Sigfrido y las doncellas del Rin, por Albert Pinkham Ryder, entre 1888 y 1891, óleo sobre lienzo, 50,5 x 52 cm, Washington, Galería Nacional.

El arte es así la religión de los que carecen de religión, una fuente de la que emana sentido, aunque sea intermitente, una religión al margen de las instituciones religiosas, en las que cada vez se cree menos. Religión, como nos recordaba Mircea Eliade, proviene etimológicamente de “re-ligare, estar vinculado a algo”; en el caso de la pintura de Juan Carlos Savater, a la naturaleza, que nos trasciende, de la que venimos y a la que vamos.

No es casual que el romanticismo se encuentre en las antípodas del positivismo, que cree que todo se puede convertir en “ciencia”, entendida como hechos mensurables, contables y calculables. Por eso la pintura de Juan Carlos Savater está lejos de los ideales científicos y más bien cerca de la proposición 6.52 del Tractatus de Wittgenstein: “Sentimos que aun cuando todas las posibles cuestiones científicas hayan recibido respuesta, nuestros problemas vitales no se han rozado en lo más mínimo. Por supuesto que entonces ya no queda respuesta alguna; y esto es precisamente la respuesta.” 

Frente a la progresiva desacralización del mundo por parte de las ciencias (yo aquí me atrevería a distinguir entre los científicos que reconocen el misterio, a pesar de la explicación, y aquellos otros que no se asombran ni se admiran ni se maravillan, lo que en cierto modo implica dejar de dialogar y preguntarse), el arte nos recuerda que no todo es mensurable, contable y calculable, que más allá de los datos sigue el misterio de fondo de la existencia.

Cárabo, por Juan Carlos Savater, óleo sobre lienzo, 50 x 71 cm.

Ejercicios espirituales

Por este concepto entendemos las diferentes prácticas con las que un ser humano se interpela a sí mismo para transformarse de forma subjetiva y acceder a otro modo de ser. Tengo para mí que las pinturas de Juan Carlos Savater son en este sentido “ejercicios espirituales”.
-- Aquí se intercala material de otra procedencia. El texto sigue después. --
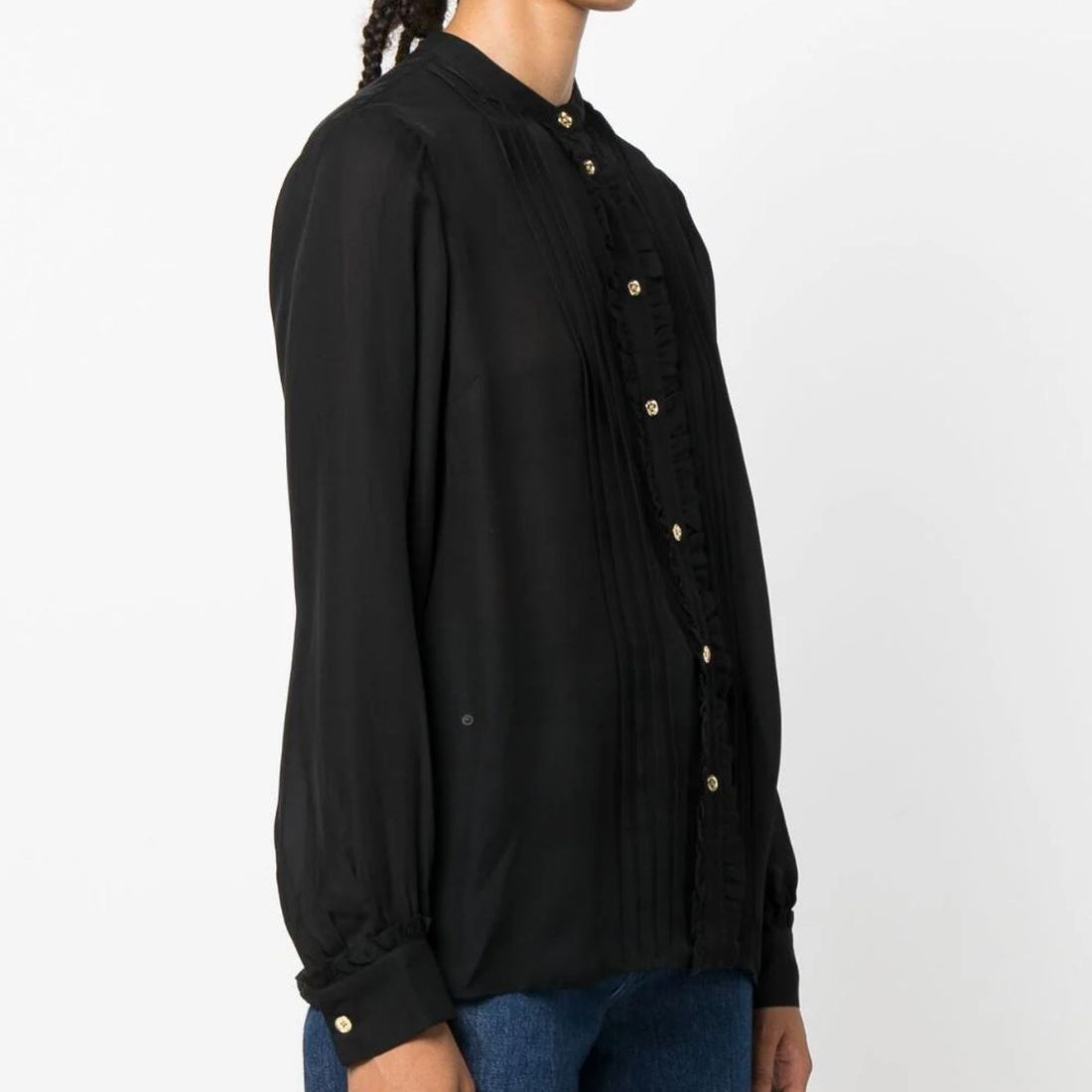 MICHAEL KORS moteriška juoda palaidinė Rfl button down blouse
¿Qué es lo que se procura con estos ejercicios espirituales? Dependiendo de cada persona y de las circunstancias, las intenciones y fines pueden ser variados: quizá una ascesis que, como diría Michel Foucault, “no es tanto una renuncia como una preparación ante lo incierto del destino”; tal vez elevar la mirada por encima de las vicisitudes cotidianas fijándose en la naturaleza para comprender y aceptar lo que ha sucedido; acaso ordenar establecer una economía de deseos y una jerarquía de valores por los que queremos actuar…

Desnudo con la boca abierta, por Juan Carlos Savater, óleo sobre lienzo, 81 x 65 cm.

Lejos de lo que pueda parecer, estos ejercicios espirituales en la pintura y en el arte están presentes desde un pasado que no sabría determinar. No de otro modo entiendo esta declaración de Friedrich durante el proceso de la pintura: “Debo rendirme a lo que me rodea, unirme con las nubes y con las piedras para ser lo que soy”. Importa lo que se alcance a pintar, no solo qué se representa sino también cómo, pero al mismo tiempo importa la operación que tiene lugar en nuestra subjetividad, la transformación que acaece en nosotros. El arte es un fruto humano del mismo modo que nosotros somos frutos del arte.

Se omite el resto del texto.